2. The driving trajectory planning method as described in claim 1, characterized in that, The step of generating driving trajectory planning semantic information based on the driving trajectory planning donor and recipient image alignment feature information, driving trajectory planning donor knowledge information, driving trajectory planning donor knowledge weight information, driving trajectory planning recipient knowledge information, and driving trajectory planning semantic generation sub-model specifically includes: Based on the driving trajectory planning donor knowledge information and the driving trajectory planning donor knowledge weight information, the driving trajectory planning donor knowledge weighted information is calculated; Based on the image alignment feature information of the driving trajectory planning donor and recipient, the weighted information of driving trajectory planning donor knowledge, the knowledge information of driving trajectory planning recipient, and the semantic generation sub-model of driving trajectory planning, semantic information of driving trajectory planning is generated.

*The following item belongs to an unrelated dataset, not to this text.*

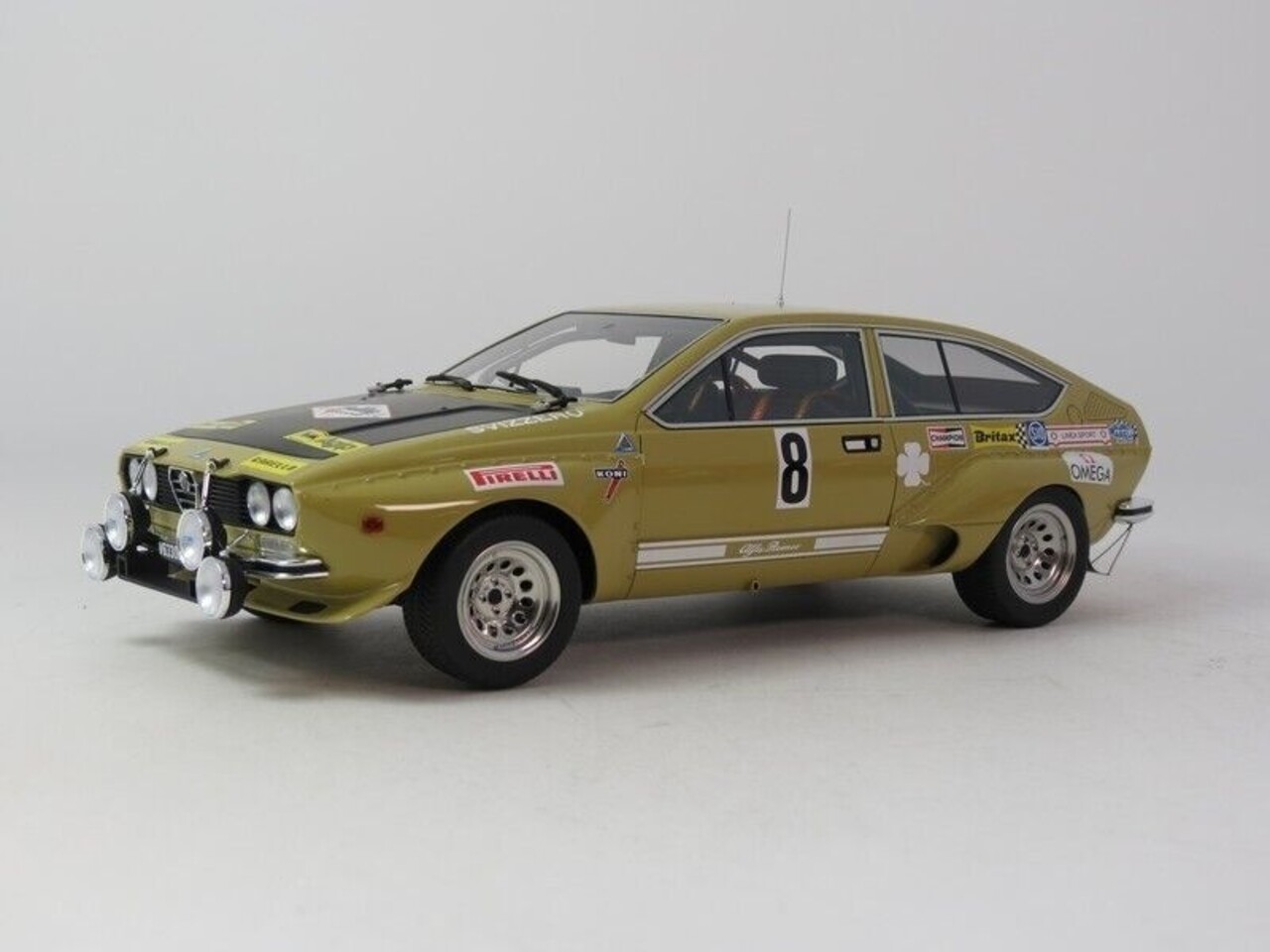 Alfa Romeo Alfa Romeo Alfetta GT Gr.2 #8 4th Rally Quattro Regioni 1975 (Night Version) - 1:18 - LS Collectibles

3. The driving trajectory planning method as described in claim 1, characterized in that, The step of training the driving trajectory planning knowledge receptor model based on the driving trajectory planning donor-recipient alignment information to obtain the driving trajectory planning model specifically includes: Based on the driving trajectory planning donor and recipient image feature alignment loss information, the driving scene image feature alignment sub-model is trained to generate the trained driving scene image feature alignment sub-model. Based on the training-post driving scene image feature alignment sub-model and the driving trajectory planning semantic generation sub-model, a driving trajectory planning model to be trained is generated. Based on the image feature alignment loss information of the driving trajectory planning donor and recipient, the semantic feature alignment loss information of the driving trajectory planning donor and recipient, and the preset driving trajectory planning feature alignment loss calculation weights, the comprehensive loss of driving trajectory planning donor and recipient features is calculated. The driving trajectory planning model is trained based on the comprehensive loss of the donor and recipient features of the driving trajectory planning model to obtain the driving trajectory planning model.
4. The driving trajectory planning method as described in claim 3, characterized in that, The step of training the driving scene image feature alignment sub-model based on the driving trajectory planning donor and recipient image feature alignment loss information to generate the trained driving scene image feature alignment sub-model specifically includes: Based on the alignment loss information of the driving trajectory planning donor and recipient image features and the preset driving trajectory planning mapping feature coefficient calculation function, the driving trajectory planning mapping feature coefficients are calculated. Based on the driving trajectory planning mapping feature coefficients, the driving scene image feature alignment sub-model is trained to generate the trained driving scene image feature alignment sub-model.
5. A driving trajectory planning device, characterized in that, For performing the driving trajectory planning method as described in claim 1, including: The current driving scene image information acquisition module is used to acquire current driving scene image information; The current driving trajectory planning information generation module is used to generate current driving trajectory planning information based on the current driving scene image information and the driving trajectory planning model.
6. A terminal device, characterized in that, The terminal device includes a memory and a processor. The memory stores a computer program that can run on the processor. When the processor executes the computer program, it implements the steps of the method as described in any one of claims 1 to 4.
7. A computer-readable storage medium storing a computer program, characterized in that, When the computer program is executed by a processor, it implements the steps of the method as described in any one of claims 1 to 4.